A: There is no running logstash inside the container. Currently in the remote Logstash cluster listening to a UDP port, the application directly push the log to the Logstash UDP port, and then logstash the log to the Kafka,kafka consumers have two, one is Elasticsearch, One is HDFs. Generally with elk enough. When verbose logging is required, it is queried by operations through HDFs.

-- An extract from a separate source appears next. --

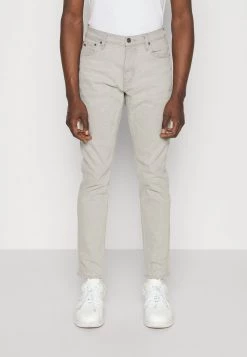 Michael Kors GRAY PARKER JEAN - Vaqueros Pitillo - Bedford, Hombre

Q: I would like to ask the following nginx some of the dynamic configuration files are encapsulated inside the container? Or was it volume by the way it was mounted? Is there a service similar to configuration center? How does this piece of information come to be realized?
The upstream of A:nginx is generated locally from consul dynamically, and is persisted to the host through volume mounts. There is a configuration center. When the business is Docker, the business configuration is driven to the configuration center, and Docker is not in a configuration that stores business dependencies.
The above content is organized according to the September 27, 2016 night group sharing content. Share people
Wuan, Bilibili operations Engineer, is currently responsible for the B station operation and operation of Docker implementation. has been focused on the development of Docker, the implementation of a container platform combining Docker and Mesos。 Dockone Weekly will organize the technology to share, welcome interested students add: Liyingjiesz, into group participation, you want to listen to the topic or want to share the topic can give us a message.